GA4 Explore snapshot report
The simplest way I know to track traffic from AI tools in GA4 is by using a regex formula to analyze traffic source data in an Explore report. There are three steps to doing this:
Create a new Exploration report.
Set the dimensions to Session source/medium and use Views as the metric.
You can also add Engaged sessions and Key events in the metrics field for more detailed insights into the effectiveness of traffic from the LLMs.
Then in Segments, create a new session segment.

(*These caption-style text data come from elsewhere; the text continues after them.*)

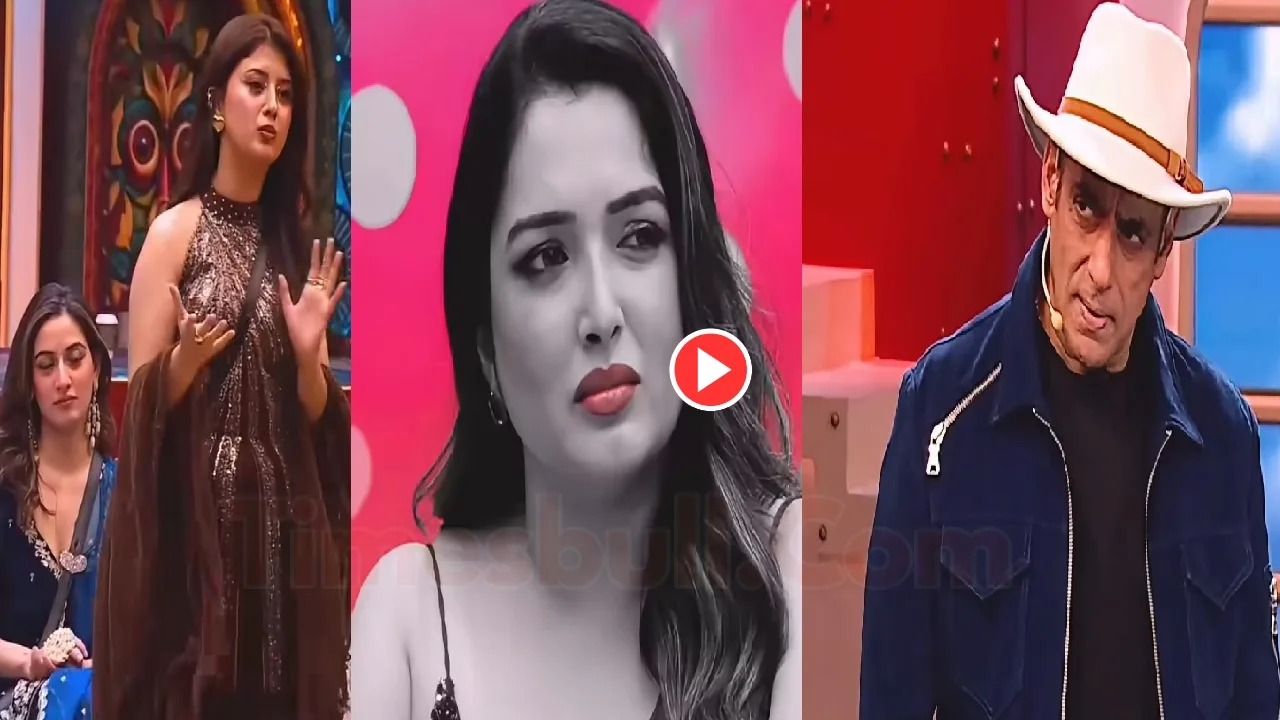 Bigg Boss 20 Weekend Ka Vaar – Salman Khan Praises Qazi Touqeer & Takes Class on Arishfa-Amarpali Dubey Fight – Watch Viral Promo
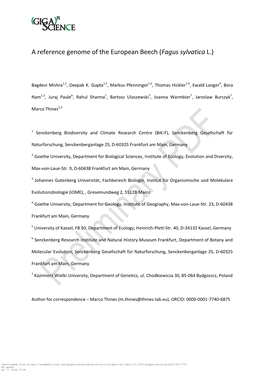 A Reference Genome of the European Beech (Fagus Sylvatica L.)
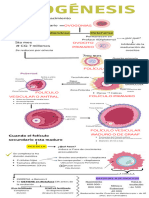 Resumen Ovogenesis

Give it a name relating to AI and LLMs, and input the following regex as a filter on session source.
^.*ai|.*.openai.*|.*copilot.*|.*chatgpt.*|.*gemini.*|.*gpt.*|.*neeva.*|.*writesonic.*|.*nimble.*|.*outrider.*|.*perplexity.*|.*google.*bard.*|.*bard.*google.*|.*bard.*|.*edgeservices.*|.*astastic.*|.*copy.ai.*|.*bnngpt.*|.*gemini.*google.*$
(It’s important to note that as new LLM tools enter the market, you will need to update this regex.)
Apply the segment, and you’ll be left with a view similar to the below:
GA4 Explore traffic analysis
Now you have a baseline Explore, you can duplicate it and create a classic line graph to show LLM traffic over time.
To do this, you need to change the visualization to a line graph:
And change values to sessions:
You can then change the granularity setting to get different views.
Once you’ve made these changes, you should have a report that looks like the one below.
Reporting in Looker Studio
There are two approaches to creating a Looker Studio report.
One requires access to the Google Analytics account at the admin level.
The other is a lightweight solution that allows you to “skim” different GA4 accounts at any access level.
Let’s start with building the more in-depth report.
First, you want to create a new channel group for LLM tools and chatbots.
To do this, you need to go to Admin and select Channel groups in the Data display section.
Give it a name (and a description if you want, but it’s not mandatory), and then click on Add new channel.
This will load a new screen where you can set a channel name.
I’d advise setting this differently from the group name and then setting the channel conditions so the source matches the regex we used earlier in the article.
The next thing you want to do is click Reorder on the channel list and move your new AI channel above referral:
Then you want to click Save group in the top right.
Once your new channel group has had time to collect data, you’ll see this in the Traffic Acquisition report in the Reports / Acquisition section of GA4.
You can also use this as a channel group in your Looker Studio reports.
The lightweight approach requires any level of access to Google Analytics, and you need to set up a filter for any charts and tables in which you want to show LLM data.
You do this by applying a filter and using the same regex as before:
With this, you can cycle through LLM traffic breakdowns for the specified time period in Looker Studio:
You can also visualize total LLM traffic over time:
The future of search is evolving with AI at its core. Setting up tracking now ensures data-driven decisions to keep your content relevant and discoverable.